忙しそうにしているその場所へ歩み寄ると、気づいたヒューダイが仕事の手を止めて立ち上がった。
それからアードベッグに声をかけて、あちらからも歩み寄ってくる。
「もしかして出発ですか?」
「はい、随分と長居してしまいましたので」
「少しの間しかいなかったはずなのに、いなくなると聞くと寂しくなりますね」
「やっといなくなってくれるかー、が本音じゃなくて?」
「ま、まさか」
「ちょっとは思ってたですね」
ひょっこりとハルカの後ろから顔を出したモンタナに突っ込まれると、ヒューダイは苦笑しながらそれを否定する。
ヒューダイの言葉はまるっきり嘘ではなかったが、確かにハルカたちがきてから随分と騒動があったのは本当だ。今も毎日のように睡眠時間を削って仕事していることを思えば、心のどこかにやっと帰るのかという気持ちがあるのも仕方がない。
「敵わないですね……」
「気にしないでください、色々と引っ掻き回してしまったことは事実なので」
ヒューダイが頬をかいたところで、ハルカは謝罪する。わがままばかり通した上、統治機構までぐちゃぐちゃにしてしまった自覚がある。
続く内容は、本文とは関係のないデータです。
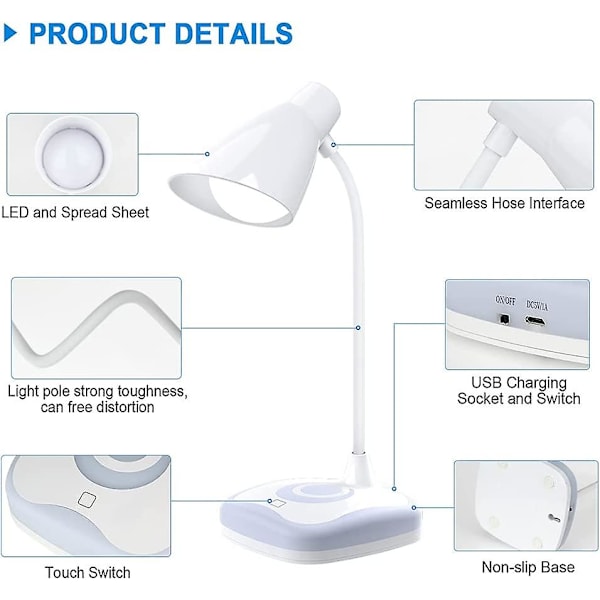 LED-skrivbordslampa, USB-laddningsbar bordslampa med 3 nivåer ljusstyrka, touchsensorstyrning, present
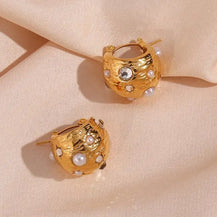 Half Ball Zircon Hoop Earrings-5  taahirajewellery
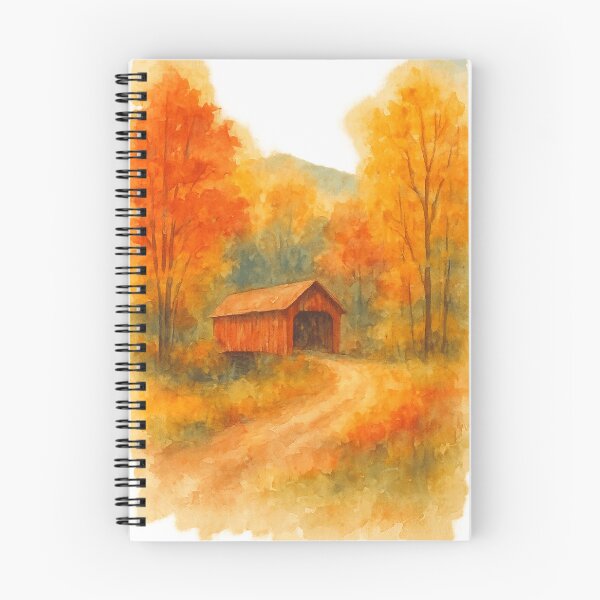 Artikelvorschau, Aquarell Herbst überdachte Brücke – Rustikale Herbstlandschaftskunst entworfen und verkauft von Kaehaniz.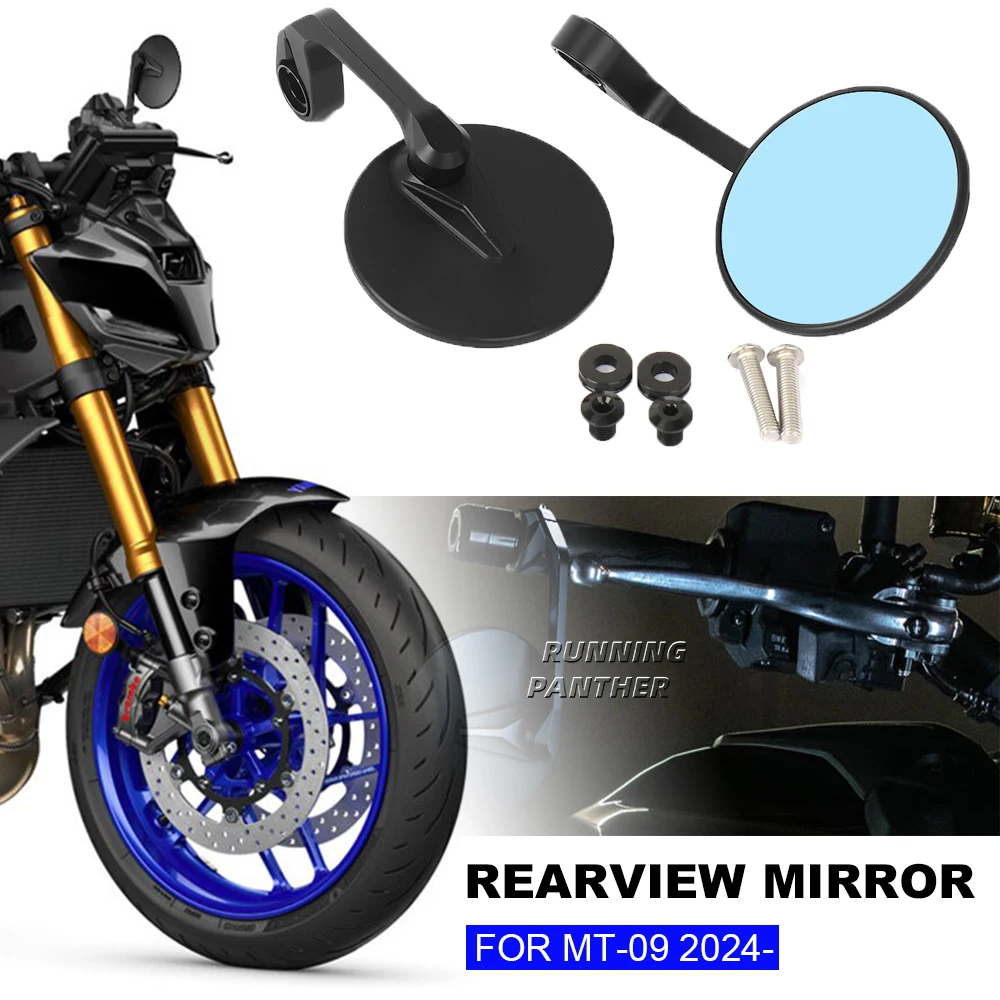 

New Accessories Blue lenses Sport Handle Bar End Mirrors For Yamaha MT09 MT 09 MT-09 SP 2024 2025 Rearview Mirror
ハルカがもう少し交渉上手であれば、ここまで面倒なことにはならなかったはずだ。逆にそうであれば【ロギュルカニス】には火種が燻り続けていたはずだし、海賊島は野放しのままであっただろう。当然、エリザヴェータが西の伯爵家に楔を刺す機会も巡ってこなかった。
世の中何がどう作用するかわからないものである。
「あいつらの里帰りついでにでいいから、懲りずにまた来たらいい。その頃には海賊どもの島はきれいに掃除を終えてるだろうし、連れ帰ってきた奴らも今よか元気になってるはずじゃ」
「楽しみにしています」
「それから、随分と世話になっちまったから困ったことがありゃあ言ってくれ。他のやつは知らんが、儂はあんたらに恩返しする気がある。あんたが困ってることで儂にできることがあるとも思えんがな」
「……ありがとうございます。その時は頼らせていただきます」
【ロギュルカニス】の守り神と変わらないような存在に、こう丁寧にありがたがられては背中がくすぐったい。
口をへの字に曲げて変な顔をした。
「それでは、またいずれ」
「ええ、それでは」
ハルカが頭を下げると、ヒューダイも丁寧に頭を下げる。なんだか久々にサラリーマンのような挨拶を交わしたなと思いつつ、ハルカは回れ右してのっそりと寝そべっているナギの下へ向かうのであった。